He was born in Bond Head, Canada West (now Ontario), raised largely in Dundas, Ontario. As he grew into manhood, his aim was the ministry and to that end he entered Trinity College, Toronto in the autumn of 1867. However, his chief interest proved to be medicine and, forsaking his original intention, he enrolled in the Toronto School of Medicine. This was a proprietary, or privately owned, institution (not to be confused with the Medical Faculty of the University of Toronto), which was then not active as a teaching body. After two years at the Toronto School of Medicine , Osler came to McGill University in Montreal where he obtained his medical degree (MDCM) in 1872.

Osler subsequently taught at McGill University in Montreal, Quebec, where he had obtained his medical degree in 1872. It is here that he created the first formalized journal club. In 1884 he was appointed Chair of Clinical Medicine at the University of Pennsylvania in Philadelphia; in 1889 he became the first chief of staff at Johns Hopkins Hospital, and in 1893 one of the first professors of medicine at Johns Hopkins University in Baltimore.

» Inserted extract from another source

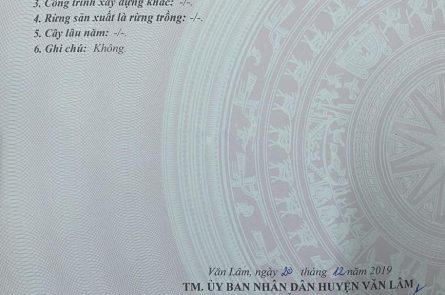Bán đất 93,6 m2 khu đấu giá thôn Ngải Dương, Xã Đình Dù, Văn Lâm, Hưng Yên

In 1905 he was appointed to the Regius Chair of Medicine at Oxford, which he held until his death. Osler was created a baronet in 1911 for his great contributions to the field of medicine.

Osler was a prolific author and a great collector of books and other material relevant to the history of medicine. His most famous work is the Principles and Practice of Medicine, which appeared in many editions and translations for over 50 years. An inveterate prankster, he wrote several humorous pieces under the pseudonym Egerton Yorrick Davis, even fooling the editors of the Philadelphia Medical News with a report on the supposed phenomenon of penis captivus. He willed his library to McGill University where it forms the nucleus of McGill University's Osler Library of the History of Medicine, which opened in 1929. Sir William and Lady Osler's ashes rest there among his beloved books.

Perhaps Osler's greatest contribution to medicine was the establishment of the medical residency program, an idea that spread across the country and remains in place today in most teaching hospitals. Through this system, doctors in training make up much of the Hospital's medical staff. The success of his residency system depended, in large part, on its pyramidal structure with interns, fewer assistant residents and a single chief resident, who originally occupied that position for years.

Osler also instituted another first by getting his medical students to the bedside early in their training; by their third year they were taking patient histories, performing physicals and doing lab tests examining secretions, blood and excreta instead of sitting in a lecture hall, dutifully taking notes. He diminished the role of didactic lectures and once said he hoped his tombstone would say only, "He brought medical students into the wards for bedside teaching."

Osler played an interesting role in the history of aging in the United States. He is known in the field of gerontology for his famous speech upon entry into Oxford as their Regis Professor of Medicine in 1905. His speech included some controversial (at the time and still is now) words about old age. He claimed that, "the effective, moving, vitalizing work of the world is done between the ages of twenty-five and forty" and beyond the age of 40 men were pretty much useless and after the age of 60, men were completely useless and should definitely be retired by age 60, if not by 40.

He himself liked to say, "He who studies medicine without books sails an uncharted sea, but he who studies medicine without patients does not go to sea at all." He is also remembered for saying, "If you listen carefully to the patient they will tell you the diagnosis" which emphasises the importance of taking a good history.

Throughout his life Osler was a great admirer of the 17th century physician and philosopher Sir Thomas Browne. In 1994 he was inducted into the Canadian Medical Hall of Fame.

Osler House is the student mess for clinical medical students of Oxford University and is found at the John Radcliffe Hospital in Oxford. It provides a common room area, computers and freshly made sandwiches.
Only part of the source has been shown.